Anna D'Amato, longtime director of victims services for Community Works, resigned Monday.

Anna D'Amato, longtime director of victims services for Community Works, resigned Monday.

Ginger Lee, president and chief executive officer of the nonprofit that provides services for domestic abuse victims and at-risk youth, declined to comment on D'Amato's departure, but wished her well.

"Everybody is really grateful for what she's built," Lee said, adding she expects to have an interim director in place by Wednesday.

Lee said the new director is from the Rogue Valley, but she declined to name the person. A permanent director will be named after a more extensive search has been completed, she said.

D'Amato could not be reached for comment Monday.

In spring 2004, D'Amato stepped down as the first director of the Rogue Valley Habitat for Humanity to begin working a part-time position at Community Works. She handled the outreach program for Dunn House, a domestic violence shelter. D'Amato then became the organization's director of victims' services.

Community Works remains dedicated to helping those who have experienced domestic violence, sexual assault or sudden homelessness, Lee said, adding the "common thread" for all programs within the Community Works' umbrella is that it serves people who have "suffered a severe life trauma."

"Everything's continuing," Lee said. "The programs and access to all services are not changing."

Community Works services — from Dunn House to victim services to HelpLine to Lithia Springs school and residential care facilities — remain operational, Lee said.

"Internal leadership changes happen all the time," Lee said. "But our staff is so deeply grounded and passionate about their work."

D'Amato and Lee spoke to the Mail Tribune in December about the looming "fiscal cliff" that threatened services to the elderly, disabled and poor. Community Works, like many organizations, relies heavily on government grants to pay the bills, along with donations and other community support. It receives about 80 percent of its $4 million annual budget from grants, they said.

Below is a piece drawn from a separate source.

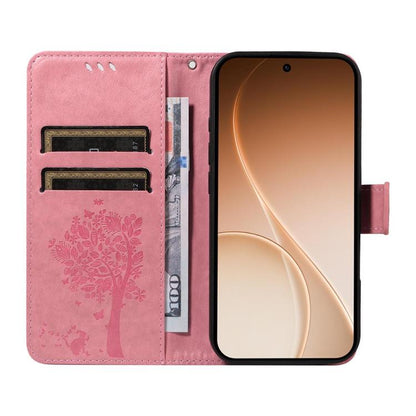 Tree & Cat Embossed Pattern Flip Leather Phone Case, For Realme 16T 5G, For Realme 16 Pro+ 5G Global, For Realme 16 Pro 5G Global, For Realme C85 5G/15X 5G India, For Realme C85 Pro 4G, For Realme 15T 5G, For Realme C71 4G India, For Realme 15 5G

Last year, Jackson County declined to renew the organization's contract to provide mental heath care for clients because of budget constraints and allocation changes related to the poor fiscal climate, Lee said.

Losing the county contract necessitated firing several counselors, Lee said. But she also said "that could all change tomorrow" if funding improves.

"Funding is always going to shift. Personnel might shift. But we keep our eye on the mission," Lee said.

Lee said the organization recently began a capital campaign that includes the creation of "The Giving Club." Club members' dues will provide unrestricted funds to help benefit Community Works' many programs, Lee said.

The Club Launch will be held from 6 to 8 p.m. Thursday, March 14, at a local winery. It will be the first of two parties planned by the club in 2013.